What lines below include the string "Table"? Pick them out and copy them.

Source data:
_____
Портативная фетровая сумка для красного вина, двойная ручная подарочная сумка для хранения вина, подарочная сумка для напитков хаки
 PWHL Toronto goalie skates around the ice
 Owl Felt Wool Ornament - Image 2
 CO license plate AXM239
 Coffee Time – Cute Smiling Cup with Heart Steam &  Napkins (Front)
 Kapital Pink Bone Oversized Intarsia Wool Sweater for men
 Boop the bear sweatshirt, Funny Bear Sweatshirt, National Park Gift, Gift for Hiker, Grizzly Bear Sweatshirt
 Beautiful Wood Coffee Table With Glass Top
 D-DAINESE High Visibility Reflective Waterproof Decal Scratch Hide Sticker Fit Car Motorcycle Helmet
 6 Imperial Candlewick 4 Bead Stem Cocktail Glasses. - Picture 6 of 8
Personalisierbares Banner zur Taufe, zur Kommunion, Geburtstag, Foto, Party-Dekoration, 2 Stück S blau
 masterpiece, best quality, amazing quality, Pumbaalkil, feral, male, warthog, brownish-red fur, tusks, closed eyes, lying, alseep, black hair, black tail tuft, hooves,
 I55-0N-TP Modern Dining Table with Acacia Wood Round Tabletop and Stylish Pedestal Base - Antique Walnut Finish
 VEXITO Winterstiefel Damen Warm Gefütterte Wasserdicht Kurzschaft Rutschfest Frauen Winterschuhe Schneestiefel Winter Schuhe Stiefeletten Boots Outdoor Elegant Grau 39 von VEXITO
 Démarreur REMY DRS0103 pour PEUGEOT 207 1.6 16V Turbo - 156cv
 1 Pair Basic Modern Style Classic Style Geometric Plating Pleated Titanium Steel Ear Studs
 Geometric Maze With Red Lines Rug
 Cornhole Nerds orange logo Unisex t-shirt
_____
Response area:
 Beautiful Wood Coffee Table With Glass Top
 I55-0N-TP Modern Dining Table with Acacia Wood Round Tabletop and Stylish Pedestal Base - Antique Walnut Finish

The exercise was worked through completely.